Life after nationalisation

David Smith, economics editor of the Sunday Times, looks at the mortgage market as it enters a new era with a nationalised mortgage lender and uncertainty the name of the game

Writing about the economy and the housing market these days it almost seems that we need a new historical classification – ‘Before NR’ and ‘After NR’, dividing the era of Northern Rock being just an aggressive lender from the current one where every taxpayer has a vested interest in its future.

Perhaps we might even think of the two eras as ‘GB’ and ‘AD’, separating the time when Gordon Brown was chancellor and the housing market did not have a care in the world, from the so far stormy Alistair Darling period.

Momentous though nationalisation of the Rock was, I do not want to dwell on it for too long here. Politically, it appears to have played quite well, the government even gaining in the polls after the announcement.

Maybe nationalisation is no longer the dirty word it once was – I suspect a majority would favour renationalisation of the railways – or perhaps, as one poll showed, people accept that on this occasion the blame lay with the Rock’s management and the Financial Service Authority, rather than the politicians.

Ministers will be cautious, however, about bringing out the bunting – the government’s reputation also got a lift back in August and September when the credit crisis first broke.

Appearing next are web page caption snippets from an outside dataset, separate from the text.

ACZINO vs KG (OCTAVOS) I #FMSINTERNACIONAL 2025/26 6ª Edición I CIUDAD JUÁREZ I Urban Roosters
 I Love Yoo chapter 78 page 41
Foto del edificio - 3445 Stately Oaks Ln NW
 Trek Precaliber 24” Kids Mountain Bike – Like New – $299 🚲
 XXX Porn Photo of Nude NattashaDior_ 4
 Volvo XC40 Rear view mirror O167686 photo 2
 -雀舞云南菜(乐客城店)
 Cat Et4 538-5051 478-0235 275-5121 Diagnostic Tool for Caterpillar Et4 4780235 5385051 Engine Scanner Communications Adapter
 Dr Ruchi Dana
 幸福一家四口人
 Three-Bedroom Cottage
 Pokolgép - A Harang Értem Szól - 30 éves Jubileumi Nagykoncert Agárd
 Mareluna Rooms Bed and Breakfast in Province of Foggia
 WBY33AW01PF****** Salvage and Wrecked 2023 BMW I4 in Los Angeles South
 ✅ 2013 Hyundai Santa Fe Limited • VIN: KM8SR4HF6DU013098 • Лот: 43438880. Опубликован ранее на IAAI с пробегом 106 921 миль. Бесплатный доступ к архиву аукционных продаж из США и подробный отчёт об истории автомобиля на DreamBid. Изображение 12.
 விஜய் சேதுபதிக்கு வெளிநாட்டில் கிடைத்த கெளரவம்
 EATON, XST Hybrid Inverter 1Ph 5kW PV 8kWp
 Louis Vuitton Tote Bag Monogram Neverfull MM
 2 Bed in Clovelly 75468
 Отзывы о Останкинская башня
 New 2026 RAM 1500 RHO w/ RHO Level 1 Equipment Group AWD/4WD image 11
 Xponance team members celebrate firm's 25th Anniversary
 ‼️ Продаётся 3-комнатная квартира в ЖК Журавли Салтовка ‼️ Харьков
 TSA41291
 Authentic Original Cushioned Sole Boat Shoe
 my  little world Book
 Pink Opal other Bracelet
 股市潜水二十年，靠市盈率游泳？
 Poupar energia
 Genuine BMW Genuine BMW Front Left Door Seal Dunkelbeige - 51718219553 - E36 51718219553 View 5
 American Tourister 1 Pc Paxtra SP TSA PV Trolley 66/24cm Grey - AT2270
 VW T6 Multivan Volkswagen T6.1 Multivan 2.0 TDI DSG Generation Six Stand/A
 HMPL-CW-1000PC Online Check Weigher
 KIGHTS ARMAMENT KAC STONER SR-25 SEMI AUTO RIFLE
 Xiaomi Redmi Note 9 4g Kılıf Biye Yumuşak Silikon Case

There might even be a gain for Darling when it comes to the public finances. Before Northern Rock, there was a serious risk that the government would break its so-called sustainable investment rule of keeping public sector debt below 40% of gross domestic product. Now it certainly will, but can use the Rock’s debts as the excuse. When and if it is off the government’s balance sheet, either the public finances will have improved on their own, or the rule will have been long abandoned.

That’s enough Rock, for now at least. Where does all this leave the housing market? Nationalisation saw, if only by coincidence, the end of the 100%-plus mortgage. It saw, although we have known this for some time, not only the loss of an aggressive lender but the arrival of a bank, admittedly now state-owned, which is in the business of encouraging at least some of its borrowers to go elsewhere. There is, contrary to suggestions by some commentators, still healthy competition in the market. But at the margin, there is slightly less competition than there was.

Meanwhile, the debate is intensifying about the wider market outlook. On one side you have the roundheads, predicting a big fat zero for the change in house prices nationally this year. On the other, are the cavaliers predicting anything between a 5% and 10% fall in prices this year, probably with more to come next.

If they are right, then we should all be a little concerned. This was what prompted Kate Barker, the Bank of England monetary policy committee’s resident housing expert, to warn of some of these negative feedback effects in a recent speech. While her main view was of a prolonged period in which house prices rise by less than average earnings, there was, she said, a danger of something worse.

“If credit tightening were to prove more severe than in the MPC’s present central projection, leading to a significant fall in lending to households and companies, this could prompt a further decline in property values,” she said. “The consequent adverse impact on growth could prove difficult to turn around quickly, potentially resulting in a protracted period of low output growth and below target inflation.” The pain, in other words, could last.

I am still proud to count myself a roundhead, although it is becoming a somewhat lonelier place to be. I also know you can rarely secure an outright victory on this one. If we roundheads are right and prices are essentially flat this year, the cavaliers will just push their falling-price forecasts on to next year and the process will repeat itself.

Beyond the inevitable heat that this debate generates, it is also clearly possible for reasonable people to come to different views. The other day, two reports landed on my desk, each from City economists looking at prospects for the UK housing market. One, from Robert Barrie at Credit Suisse First Boston, entitled Just the Housing Market Facts, looked at every indicator of price and activity, including Rightmove, the Home Builders’ Federation, the Royal Institution of Chartered Surveyors, Halifax, Nationwide and Hometrack. It concluded that “prices may fall a bit further in the next three to six months, but probably not dramatically”.

The other report, from Malcolm Barr at J P Morgan, took the same data but came to a much more downbeat conclusion. “The data look pretty bleak,” it said, and plugging them into the firm’s model suggested a 4% drop in prices in 2008. Barr, however, was inclined to be more pessimistic than that, predicting a 6% drop.

Take your choice. One important question is how the dynamics will exert themselves. Does a small slippage in prices, of the kind envisaged by Credit Suisse, lead to a bigger one because people start to anticipate larger falls and by their actions bring them about?

The answer, as always, will be in the data. I will certainly be watching it very closely.